Memory Leak using InternalSearchHit.sourceAsMap

I'm experiencing an odd behavior in a project I'm currently working on. What I'm seeing is that when I reference an InternalSearchHit.sourceAsMap directly I'm experiencing a memory leak. The code is doing some graph traversal and so there are references to other InternalSearchHit.sourceAsMap documents as well.

I'm currently writing groovy code, and so part of what I'm seeing is:

 def docMap = hit.sourceAsMap() 
 //Add data into hash map
 //Add other InternalSearchHit.sourceAsMap as child of map

I end up with a memory leak.

If I copy the map using the HashMap constructor:

 def docMap = new HashMap(hit.sourceAsMap())
 //Add data into hash map
 //Add other InternalSearchHit.sourceAsMap as child of map

Then the memory leak goes away.

I took a look at the source for InternalSearchHit and I didn't see anything glaring. At best what I can guess, is that referencing the sourceAsMap object retains a hold on the SearchHit which in turn retains a hold on something else.
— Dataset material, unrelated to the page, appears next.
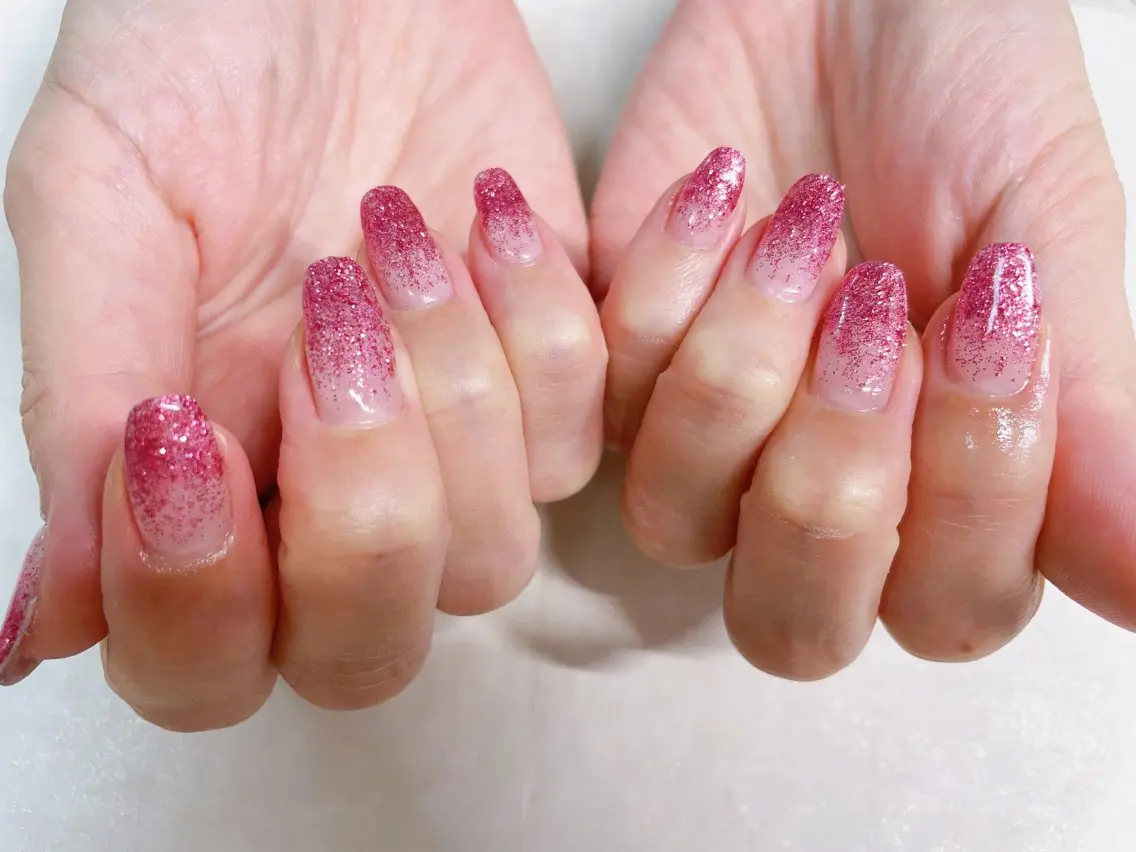 ネイル オーロラネイル フラワーネイル フットネイル フレンチネイル ジェルネイル mogunail &blowのネイルデザイン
The direct reference to the map should not cause the SearchHit to stick around in the heap. The map contains no back reference to the SearchHit, so when the SearchHit is no longer referenced, it should be garbage collected (while the map itself will still reside in the heap due to your reference to it).

Did you try using a memory profiler to see which objects seem to be leaking?

I did use a memory profiler, and I did not see anything telling. Per the example above, that was the last step in the process, and after the method returned the docMap should have been GC'd. Basically the method could have been:

docMap = hit.sourceAsMap()
//Attach other hit.sourceAsMap() into the docMap hashmap
return;

And I was still getting the memory leak, until I replaced hit.sourceAsMap() with new HashMap(hit.sourceAsMap());

This isn't to mean that there is something I'm doing that is causing the memory leak, it just seems odd given that from my code's perspective hit.sourceAsMap() and new HashMap(hit.sourceAsMap()) should be functionally equivalent. This is why I'm leaning towards something on the InternalSearchHit side.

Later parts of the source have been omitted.